# Too hyper?



## BrinkleyMom (Feb 8, 2013)

Brinkley is almost two. She is a wonderful puppy and she is pretty well behaved (walks well on a leash, knows lots of commands and LOVES the neighbor kids). 

Recently, I saw my neighbors dog, who is a month older than Brinkley and also a golden. This dog was off leash, walking perfectly, calmly greeted me and barely even got excited when I sat down to play. 

I would NEVER trust Brinkley to walk off leash because she would just sprint in every direction before coming back, she greets people with so much excitement that when I tell her to sit and "wait" til she is greeted, she cries and whines with excitement. She is EXTREMELY well socialized and exercised. Is my pup too hyper?! 

I always thought she was just acting like a puppy but seeing a dog SO CALM the same age as her makes me question that!
Please, tell me how much energy is normal!


----------



## ArchersMom (May 22, 2013)

I'd say it actually depends on your dog. The amount of energy a golden has can very greatly. What kind of lines does Brinkley come from, field or show? She'll eventually calm down too but it's also about training. If you haven't been training her to walk off leash she won't really learn it. Does she know a heel command or something similar, or does she just walk well on a leash?


----------



## BrinkleyMom (Feb 8, 2013)

She is a field golden. The only time I will allow her to walk off leash is when we are in a big open park, and she does pretty well, just sprinting back and forth and always comes back to us when called. 
I am guessing she just needs a little more time (age) to calm down. I love her energy level and it fits our lifestyle very well, it was just such a HUGE difference in energy from the other golden that it made me wonder.
We've never really worked on heel, she just is good on loose leash and listens to "wait" (sit-wait- we use when other people or dogs are approaching) or "leave it" if she finds some interesting to smell or pick up.


----------



## ArchersMom (May 22, 2013)

See Archer is totally from show lines and he's a pretty low energy golden. We've been off leash walking since he was about 7 months old. But he knows his heel command means be right by my side, and he does it 100% even if I have to remind him when a person or dog walks by. It's a great command to teach I think. We actually hunt with our couch potato boy and it's a requirement for field tests since they have to be off leash.


----------



## gldnboys (Mar 15, 2012)

I'm just curious: is she actually hyper, or just very exciteable? This can be an important distinction. How is she at home - does she have a good "off switch"?


----------



## BrinkleyMom (Feb 8, 2013)

gldnboys said:


> I'm just curious: is she actually hyper, or just very exciteable?

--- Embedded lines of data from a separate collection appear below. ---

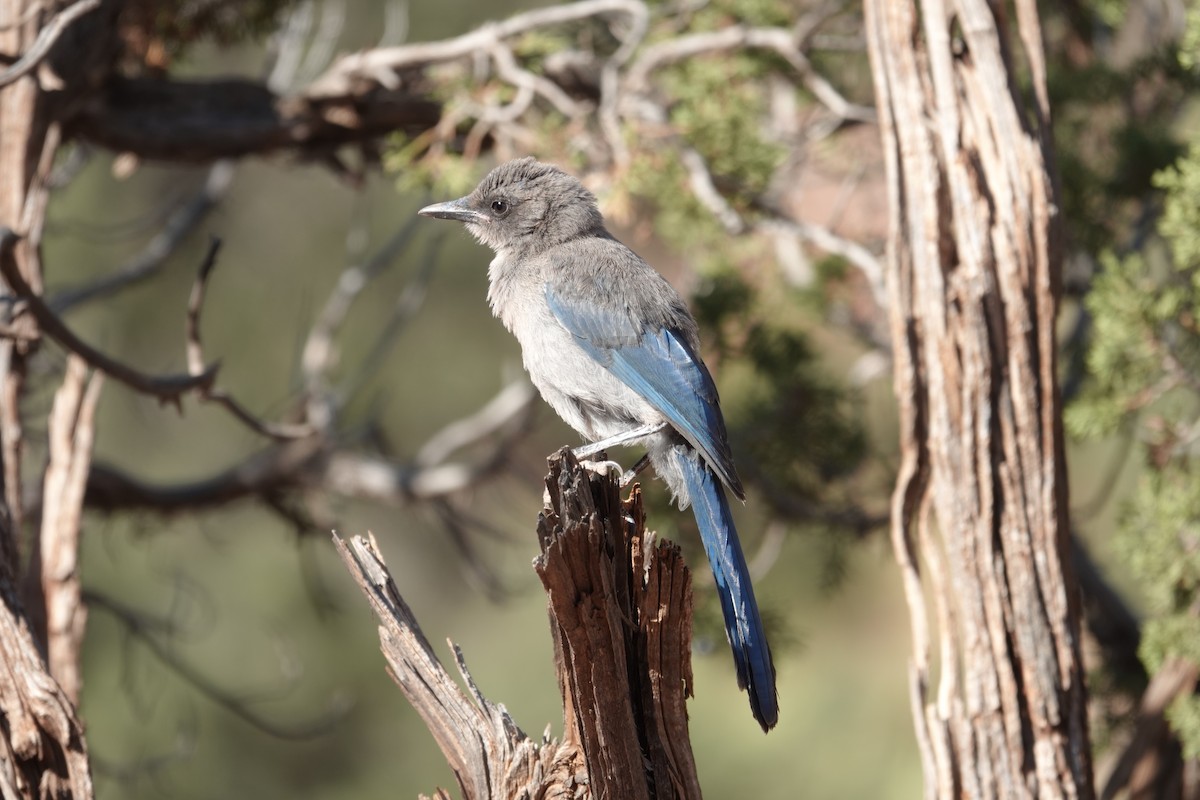 Woodhouse's Scrub-Jay - ML637840982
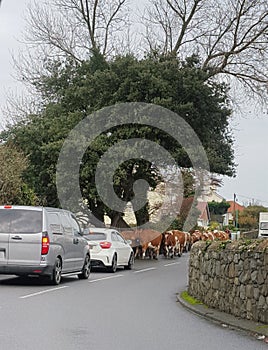 Guernsey Cows Traffic Jam, Guernsey Channel Islands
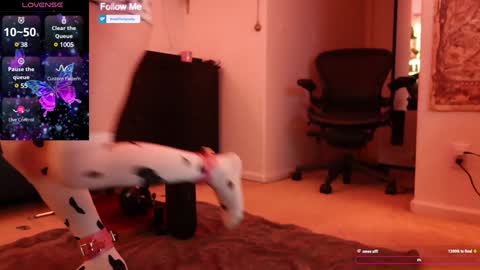 Rosie The Spooky online show from January 27, 3:26 am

This can be an important distinction. How is she at home - does she have a good "off switch"?


That is a good point! She is probably more under the "very exciteable" description. She is mostly lazy at home and greets me with a normal level of happiness when I get home. It is the outside world that gets her all hyped up!


----------



## Anon-2130948gsoni (Apr 12, 2014)

Every dog is different, every dog has their good points and their "things we need to be working on," and even those are unique to every situation.

You have a wonderful, sweet girl who loves you and enhances your life. Maybe that owner looks at your girl and wishes her dog was a little livelier or more puppy like, who knows.

Shakespeare had it right: "Comparisons are odorous."


----------



## Taz Monkey (Feb 25, 2007)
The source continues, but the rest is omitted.